Motivation
I have recently become the Nth person to run into difficulties during an FFI binding due to the inability to put unions in a #[repr(C)]
struct. My use case calls for very little interaction with the unions, but I do still need to access struct fields after the union-typed members, which requires Rust to be able to determine the size and alignment of the union. There have been quite a few union proposals in the past, but all of them have died due to not building consensus; this proposal is optimized for its ability to achieve consensus, which means doing as little as possible while at the same time being extensible in many ways so that when Rust has a much more ambitious union system, this proposal will appear as just a special case rather than a deprecated wart.
My intention in sending this is to build consensus behind some proposal, ideally to the point where anyone who gets the itch can implement it and expect it to be merged (subject to quality-of-implementation checks).
Detailed design
Syntax
We add #[repr(union)]
as a new attribute. It may only be used on enums, and only in conjunction with #[repr(C)]
.
#[repr(union)]
#[repr(C)]
enum my_ffi_union {
branch_a { ptr: usize },
branch_b { bits: [u16; 3] },
}
(rationale: Because this is only allowed when #[repr(C)]
is already specified, this can be considered a proposal to extend FFI rather than a proposal for unions.)
Semantics
#[repr(C)]
unions follow the target platform’s C ABI rules for unions. In most cases this will require the union to be as large as the largest branch, be as aligned as the most aligned branch, and have all branches at an offset of 0.
Because #[repr(C)]
unions have a layout constrained by the C specification and precisely specified by platform-specific ABI documentation, they can validly be used with raw pointer casts and mem::transmute_copy
. In fact, this is necessary for many common tasks due to the minimalism of this proposal.
#[repr(C)]
unions do not implement Drop, and their branches must be Copy. Adding a type with a nontrivial drop semantics to a union results in an ill-formed type. (rationale: There are again several proposals here. Forbidding it at compile time maximizes forward compatibility.)

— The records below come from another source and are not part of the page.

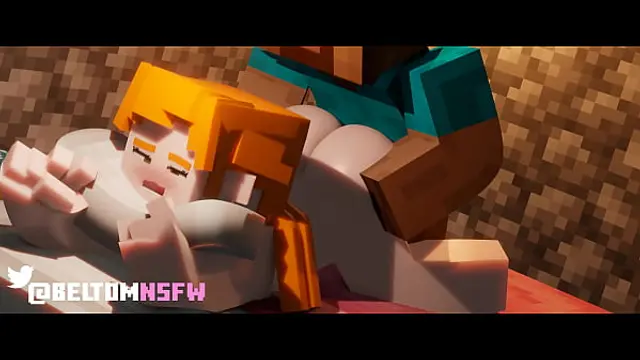 Minecraft animation - Alex x Steve &lpar;Rainy day&rpar;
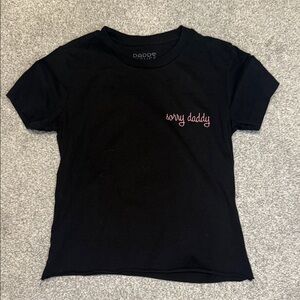 Sorry Daddy cropped tshirt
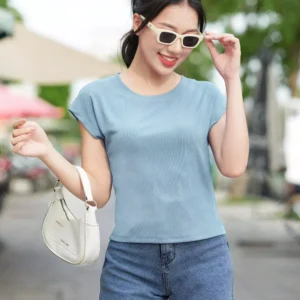 áo tăm lạnh cardina cổ tròn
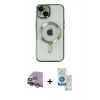 MARSİLYAN™- iPhone 14 Kılıf Nova Işık Özel Seri - Şeffaf Royal Nano Ekran Koruyucu + Raze Metal Kamera Lens - MR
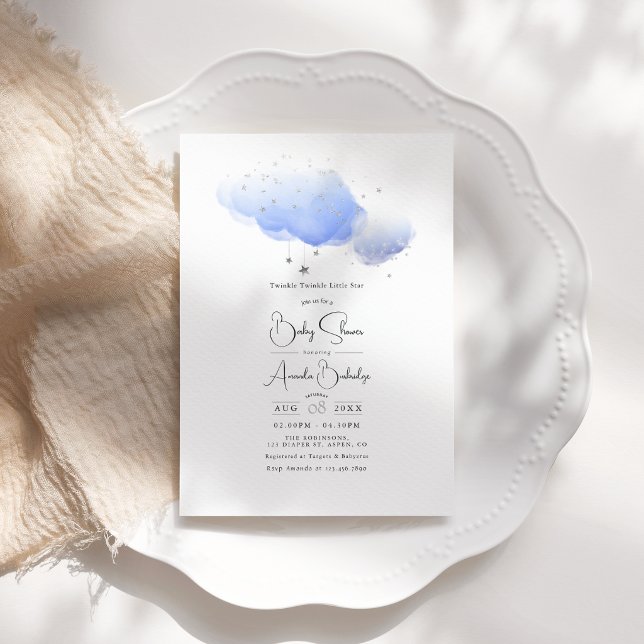 "Twinkle Twinkle Little Star" Baby Shower Invitation ("Twinkle Twinkle Little Star" Baby Shower Invitation)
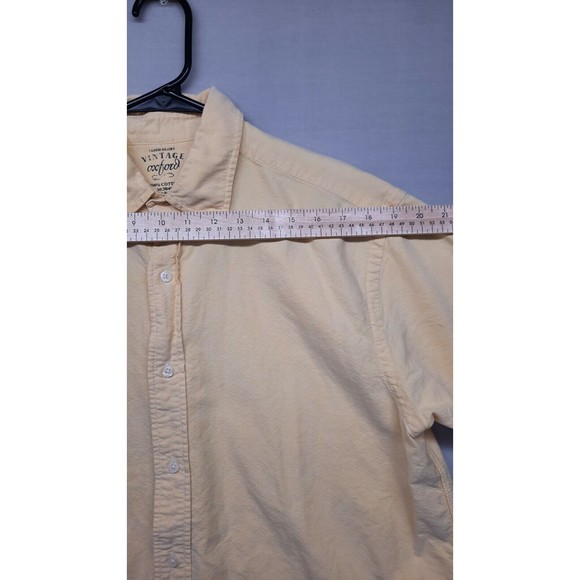 Faded Glory Oxford Yellow Medium 38/40 Button Down Short Sleeves - Picture 4 of 6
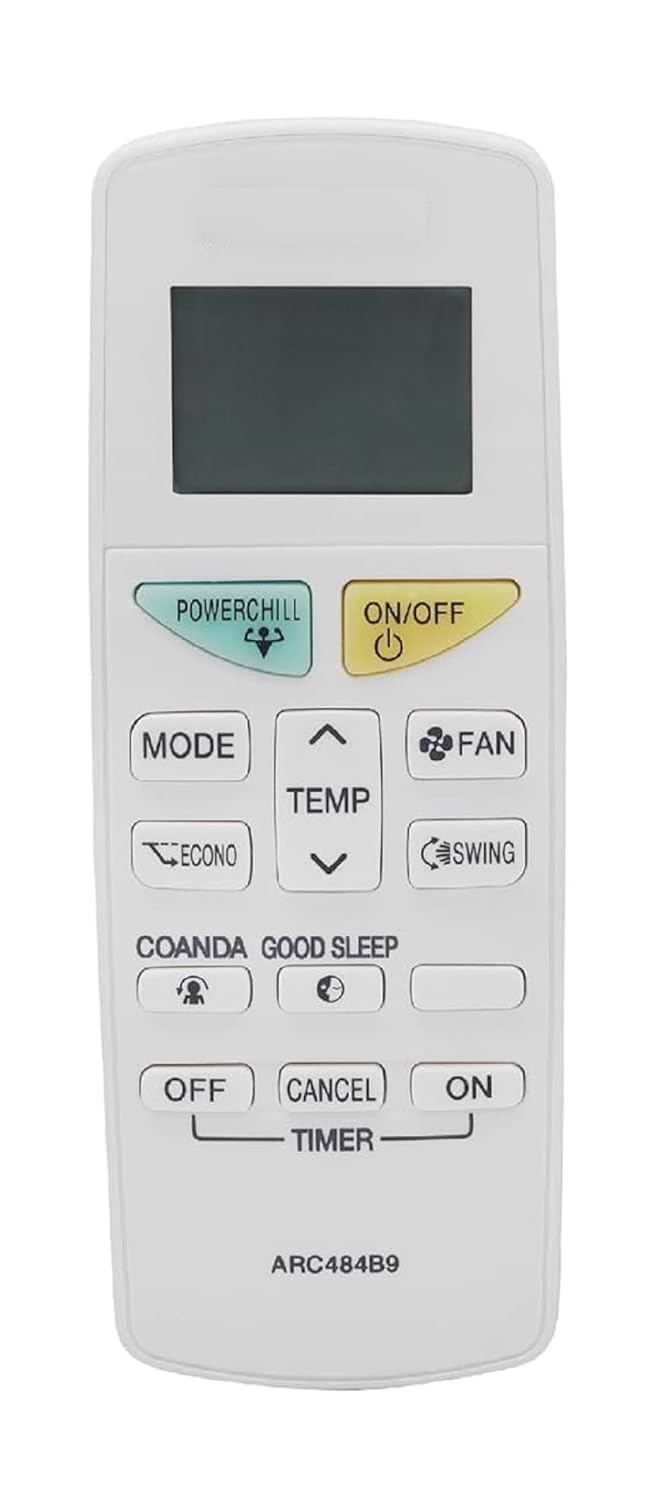 GMQ AC Remote Control Compatible/Replacement for Daikin AC Remote (Exactly Same Remote Will Only Work AC-132D ARC484B9 1 Year Warranty-image-14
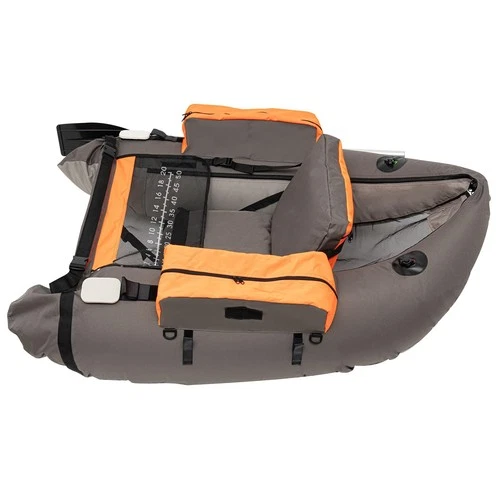 Portable Inflatable Fishing Boat Raft Backrest Adjustable Angle Blow Up Boat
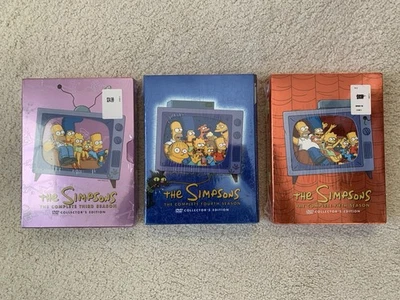 The Simpsons: The Complete Third, Fourth, Fifth Season DVD Sets New Unopened - Image 1 of 4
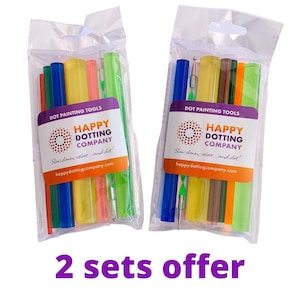 2 Sets Offer Dot Painting Tools Dotting by Happy Dotting Company - for mandala dot painting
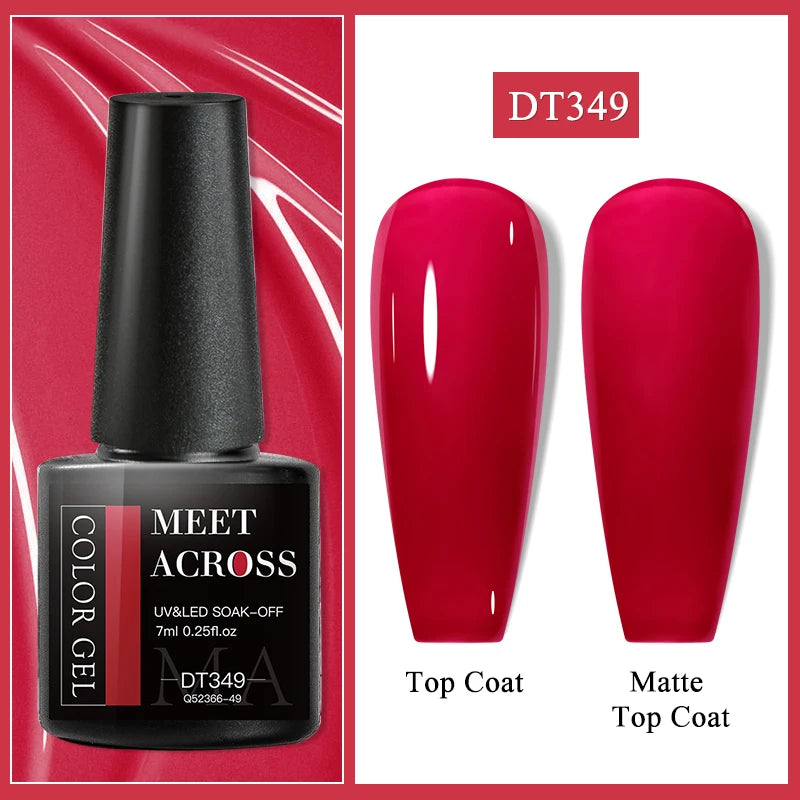 MEET ACROSS Matte Gel Polish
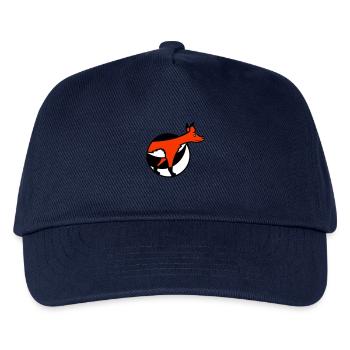 Fox Hole Front Part Front Burrow Go Out - Kids’ Baseball Cap - navy - Front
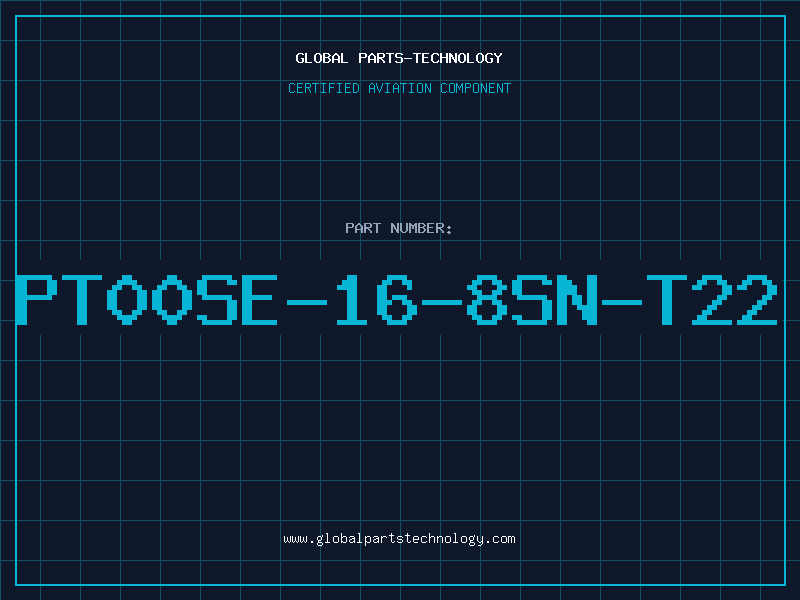 Aviation Part PT00SE-16-8SN-T22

(rationale: The rule on requiring Copy on branches is quite strict, and it could possibly be avoided in some cases, especially if we were to add linear types. In a world with mem::forget
and half a dozen ways to leak memory, linear types are primarily a lint. C++11’s unrestricted unions patch appears to specify that if a union contains a branch with a nontrivial destructor, the union becomes a linear type, and must be destructured to a specific branch before being deleted; I would be quite fine with that, except that we don’t have linear types now and making a type affine now but linear tomorrow would be a breaking change. So, for now I propose to forbid unions where any branch has a nontrivial destructor. Copy versus !Drop remains as a question, but seems low enough impact that it can be left to the implementor’s discretion.)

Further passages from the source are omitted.